Really we should learn to expect that "I don't support that" is the default unless somebody's _actual_ business is supporting you doing whatever it is. Which it rarely is these days. This obviously matters most for security, but it's true everywhere.
Another security example is that a tremendous amount of stuff ultimately decides whether to trust a certificate based on Mozilla's root trust programme.
That seems fine right? Well, kinda. It's definitely better than "I found this file named CA_TRUST.Z on an old Solaris machine in 1997 and so that'll have to do" as a policy.
But it's different from two things you or end users might expect you're achieving.
1. This isn't "You know, the same Certificate Authorities trusted everywhere". There is no such thing. The big root trust programmes have a fair amount of commonality, which is fine if you're out to obtain a certificate for a web site (pick anyone in the common set) but they aren't even close to mirrors. Mozilla's list is significantly different from Apple's which is likewise different from Microsoft's.
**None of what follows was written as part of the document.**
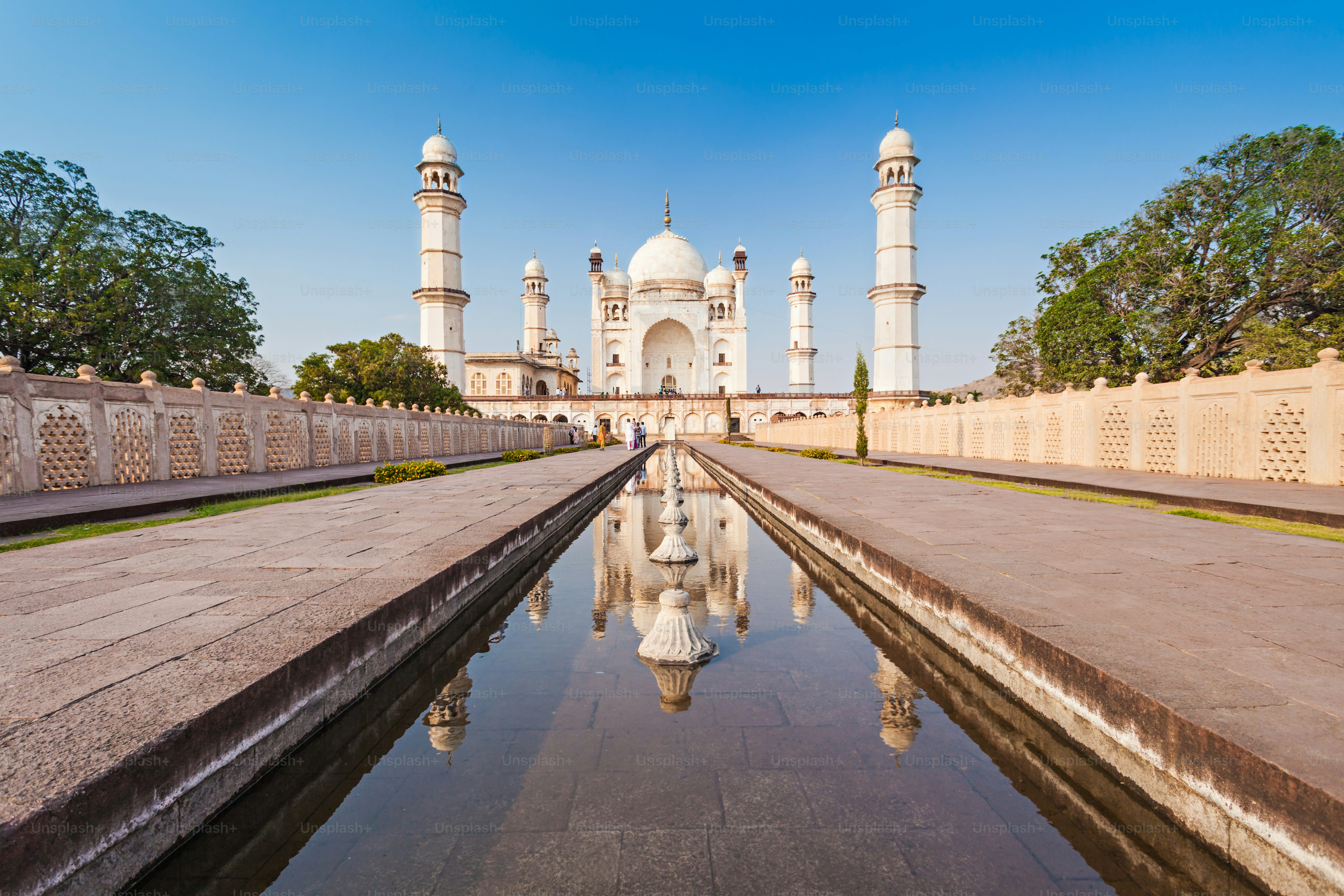 Bibi-qa-Maqbara is widely known as the poor mans Taj in Aurangabad, India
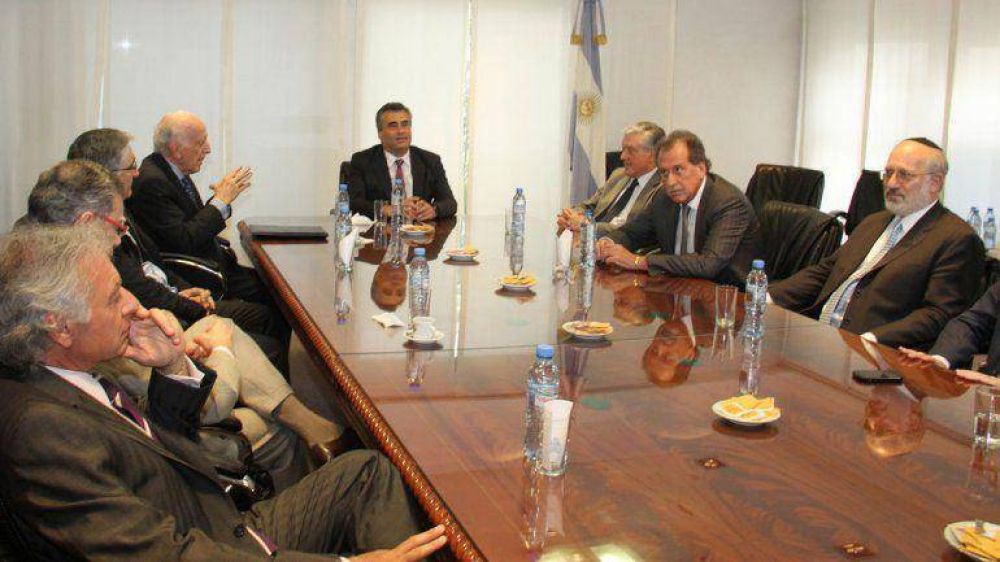Vanoli descart� una devaluaci�n y advirti� a los bancos sobre m�s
2. This also isn't "Like in Firefox". This problem is more subtle, after all the Firefox build process consumes the same file, ultimately, as your code does. But, Firefox has a long list of extra rules beyond whether or not something is in Mozilla's published trust store and your application would need lots of extra work to implement all those rules and track updates to them. Did you do that work? No you did not.
This probably won't bite you, and likewise relying on bits of BoringSSL that Google doesn't care about probably won't cause massive security problems in your code. But only probably.
tl;dr is that Google is not supporting features in BoringSSL that Google doesn't need, but it's probably adequate for a lot of other projects.